NSU-Prozess hat begonnen Der Rechtsstaat muss sich beweisen
06.05.2013, 19:26 Uhr
Beate Zschäpe ist die Hauptangeklagte in dem Verfahren.
(Foto: dpa)
Die Mordserie der Terrorzelle NSU hat Deutschland erschüttert: Zehn Menschen sollen die Neonazis erschossen haben. Fünf Angeklagte stehen nun vor Gericht. Doch es wäre zu kurz gedacht, die Aufarbeitung der NSU-Taten jetzt ausschließlich von den Münchener Richtern zu erwarten.
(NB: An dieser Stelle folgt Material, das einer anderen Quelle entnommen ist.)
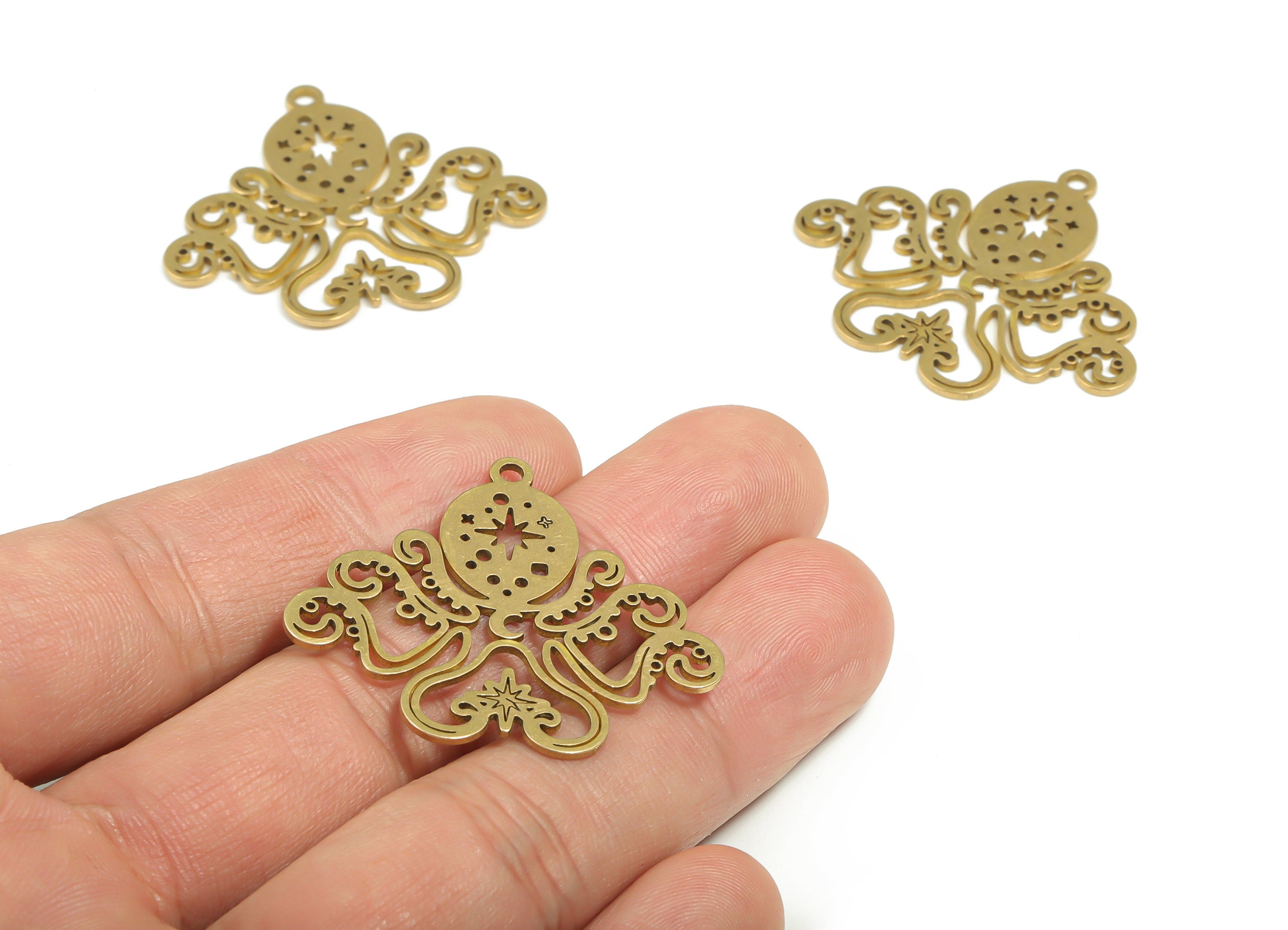 Brass Oval Star Earring Charms - Raw Brass Octopus Moon Pendant - DIY Jewelry Making Supplies - 37.42mm x 32.77mm x 0.88mm - PPZ0050 - DOMEDBAZAAR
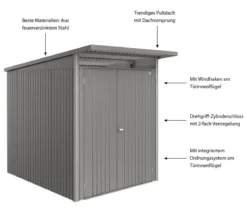 Biohort Metallgerätehaus AvantGarde ECO A2, ca. B180/H218/T260 cm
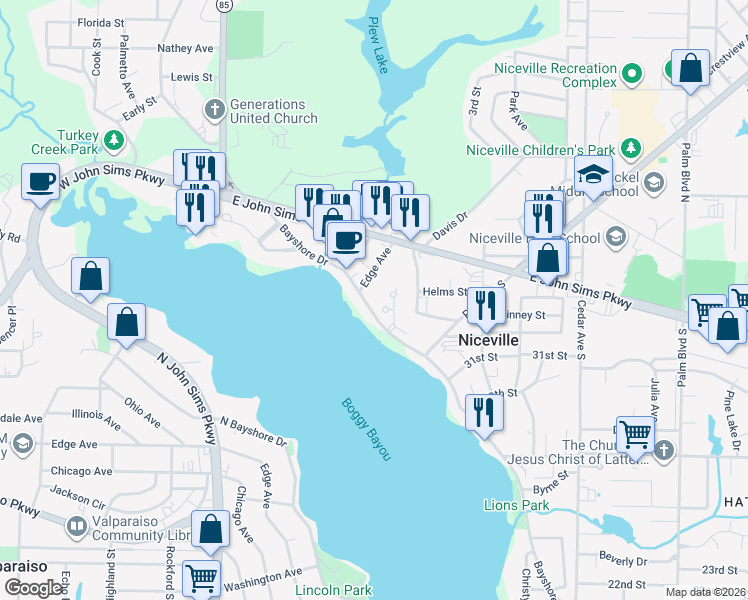 map of restaurants, bars, coffee shops, grocery stores, and more near 203 Edge Avenue in Niceville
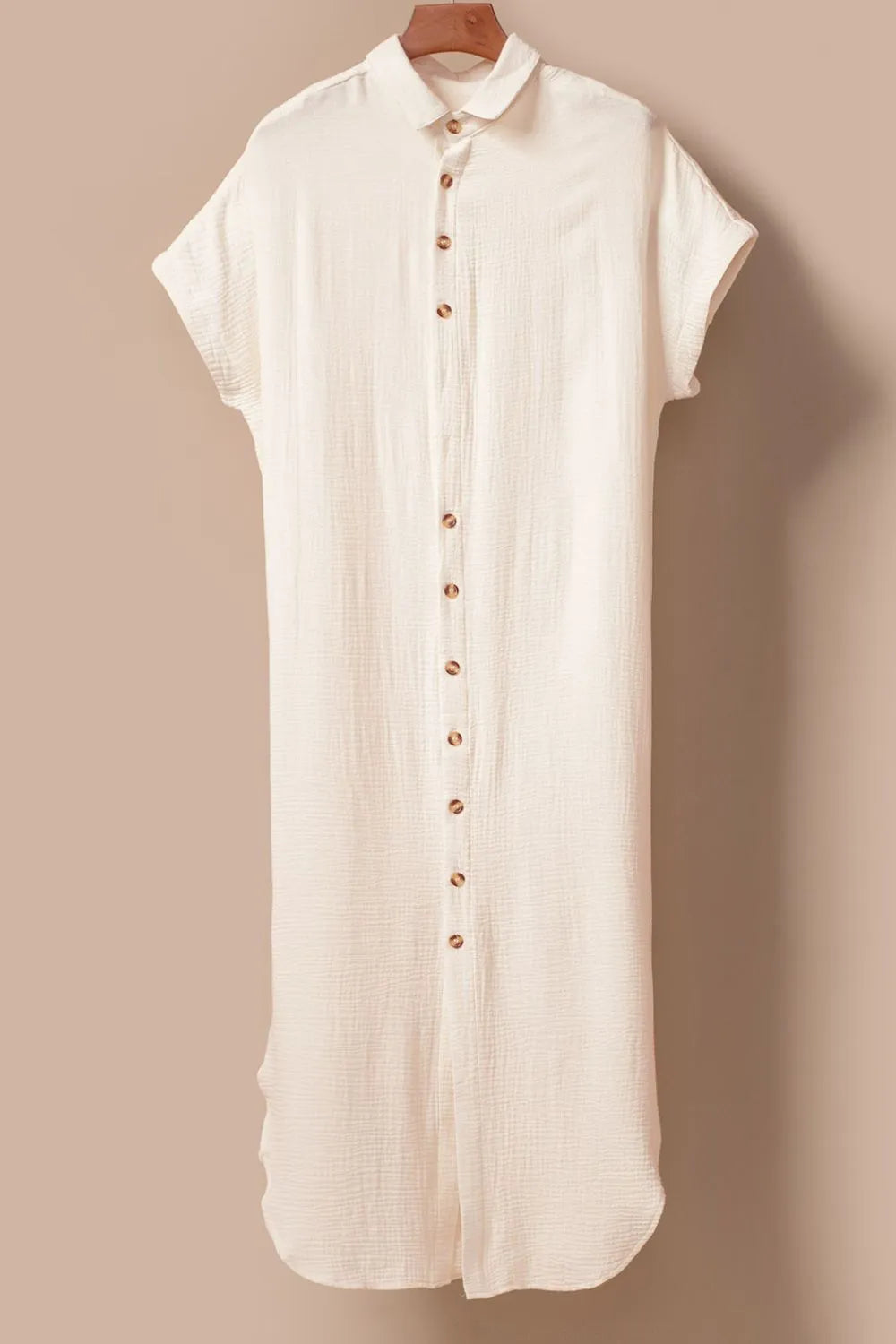 Button Down Short Sleeve Midi Shirt Dress (18)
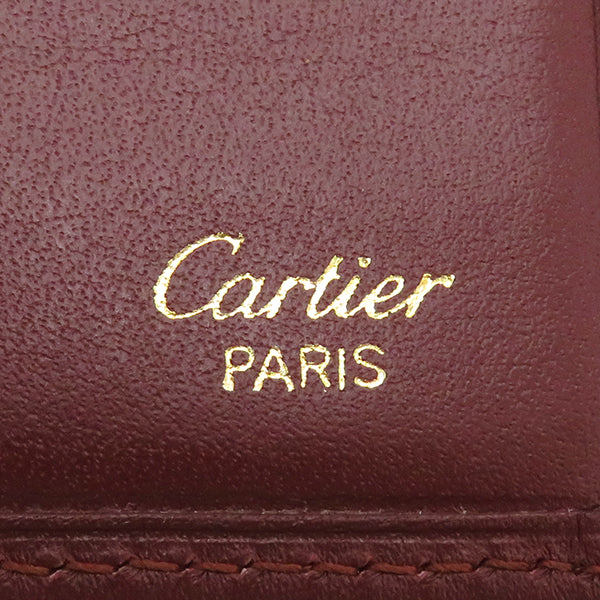 カルティエ Cartier マスト ドゥ カルティエ ロング ウォレット バーガンディ カーフ 長財布 ゴールド金具 二つ折り 札入れ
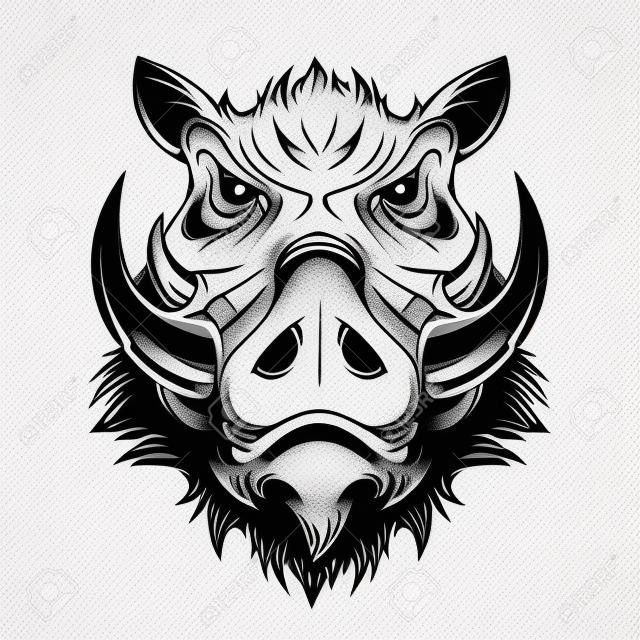 Głowa dzika. świnia. logo głowy knura. szkic do maskotki, logo lub symbolu. świnia lub dzik maskotka. grafika wektorowa do zaprojektowania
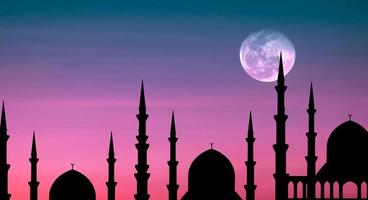 Mosque Silhouette.Mosque With Moon. photo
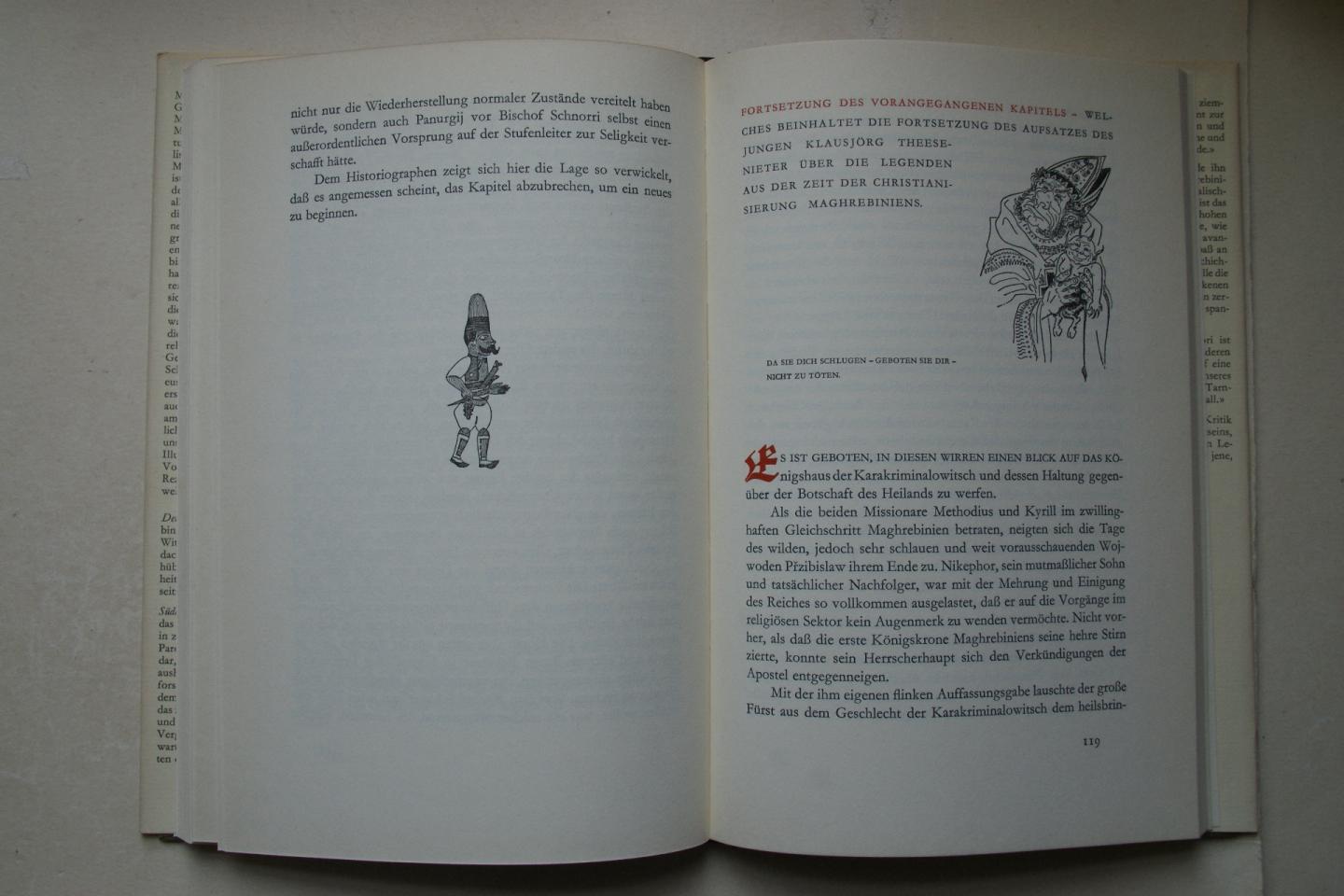 Gregor von Rezzori - 1001 Jahr Mayshrebinien; eine Festschrift herausgegeben zur Feier der Wiederauferstehung des Maghrebinischen Geistes, mit achtundsiebzig Zeichnungen vom Verfasser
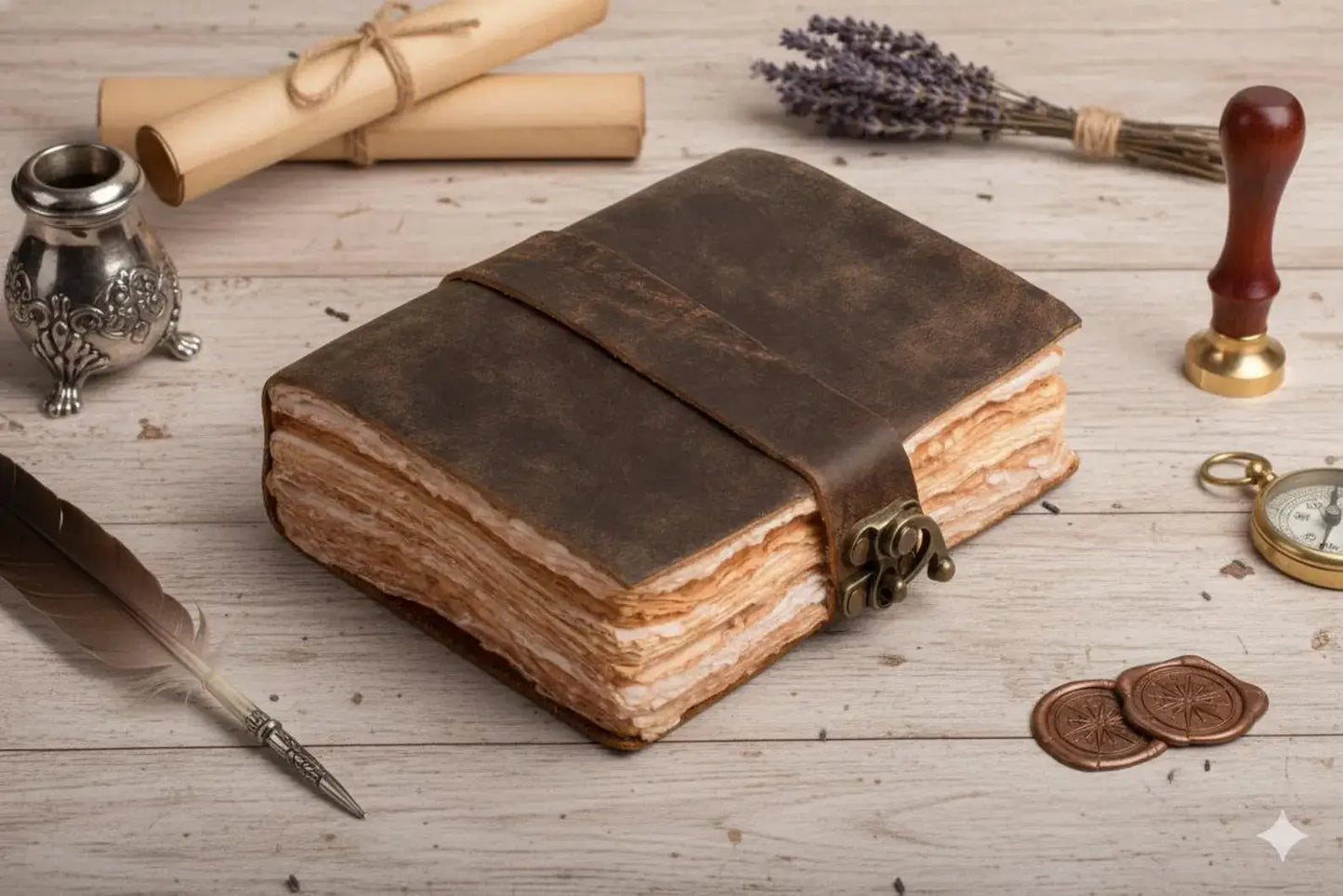 Handmade Leather Journal with Key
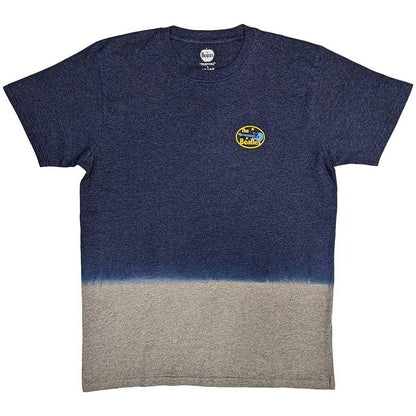Navy Blue - Front - The Beatles Unisex Adult Wash Collection Oval Logo T-Shirt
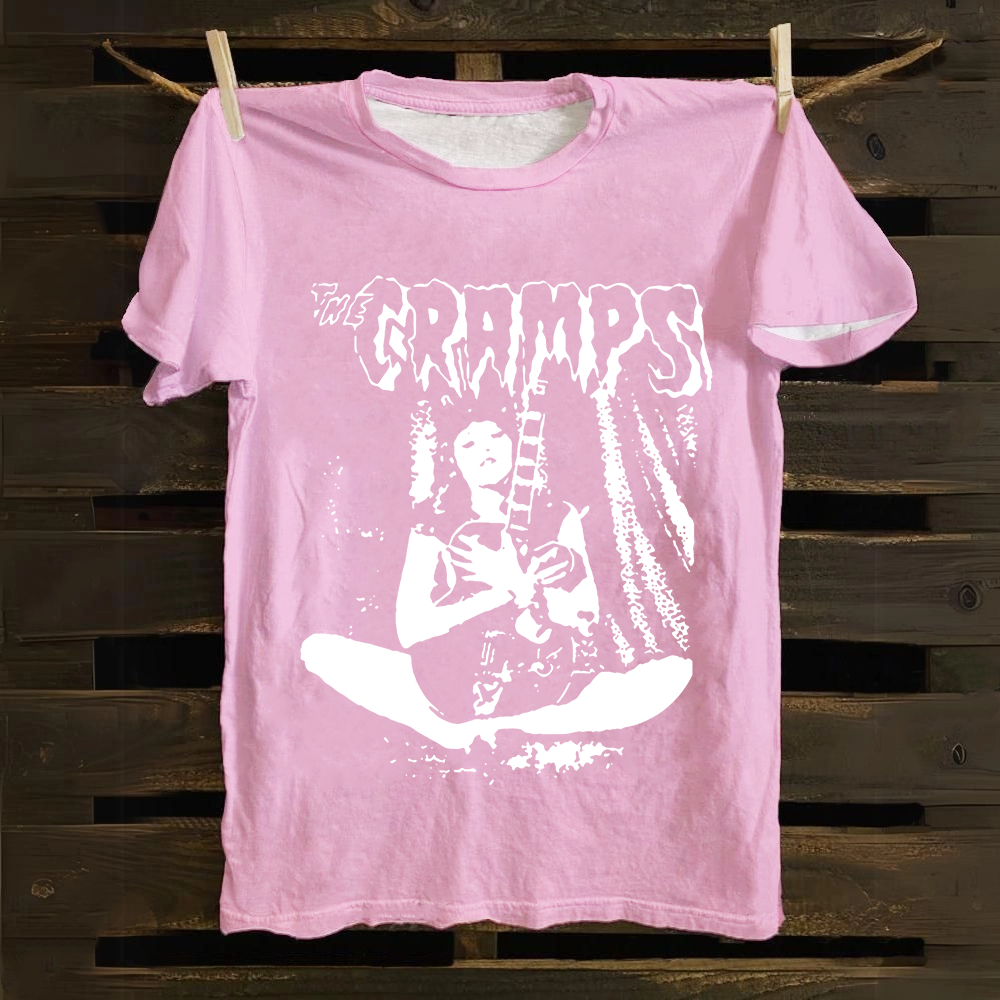 Unisex Vintage The Cramps Band Female guitarist cotton T-Shirt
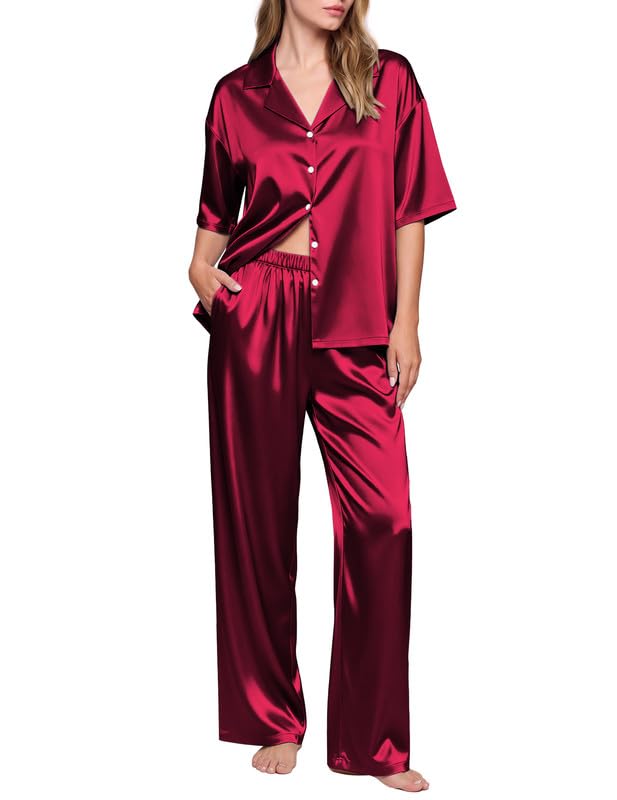 Ekouaer Women Satin Pajama Set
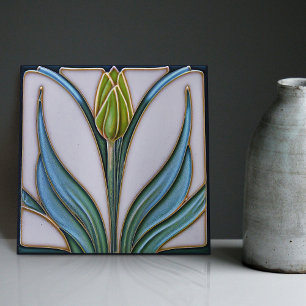 Grönt Tulip Wall Decor Art nouveau Art Deco Kakelplatta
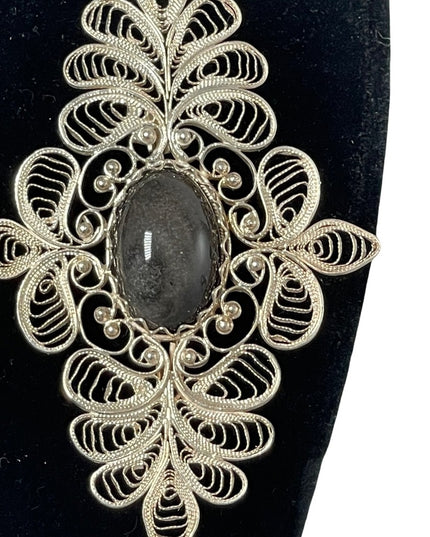 Vintage Large silver filagree black stone fancy bar brooch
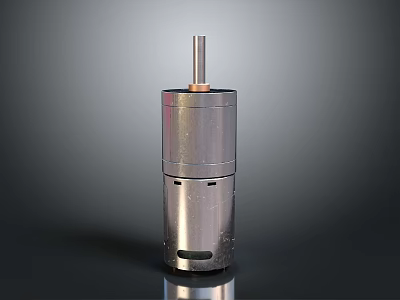 Silver Metallic Cylindrical Equipment With Top Shaft And Smooth Surface Design 3d model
Erstaunlich unspektakulär hat in München das Mammutverfahren um die beispiellose Verbrechensserie des NSU begonnen. Die Hauptangeklagte Beate Zschäpe wird nicht an Händen und Füßen gefesselt in den Gerichtssaal geführt. Vor dem Gerichtsgebäude versammeln sich auch nicht Tausende von Demonstranten. Das Verfahren, das viele einen der bedeutendsten Prozesse in der Geschichte der Bundesrepublik nennen, nimmt einfach mit der Feststellung der Personalien der fünf Angeklagten seinen Lauf. Die Verteidigung stellt Befangenheitsanträge. Das Gericht vertagt sich.
Was auf den ersten Blick beinahe banal erscheint, ist eine der größten Leistungen überhaupt. Trotz aller Debatten im Vorfeld des Prozesses kommt es nun darauf an, ein juristisch einwandfreies Verfahren zu führen, mit Unschuldsvermutung und ohne Vorverurteilung. An jedem einzelnen Verhandlungstag werden die beteiligten Anwälte Fragen und Anträge stellen. Das ist ihre Aufgabe - und zwar unabhängig davon, ob sie Angeklagte oder Nebenkläger vertreten.
Es ist zutiefst verständlich, wenn der Vorsitzende der Türkischen Gemeinde in Deutschland, Kenan Kolat, seiner Hoffnung Ausdruck verleiht, die Beschuldigten sollten zur Höchststrafe verurteilt werden. Es ist auch nachvollziehbar, wenn die Angehörigen der Opfer umfassende Aufklärung über die Hintergründe des Neonazi-Terrors verlangen. Doch ohne die Feststellung der individuellen Schuld jedes einzelnen Angeklagten wird es keine Strafe geben.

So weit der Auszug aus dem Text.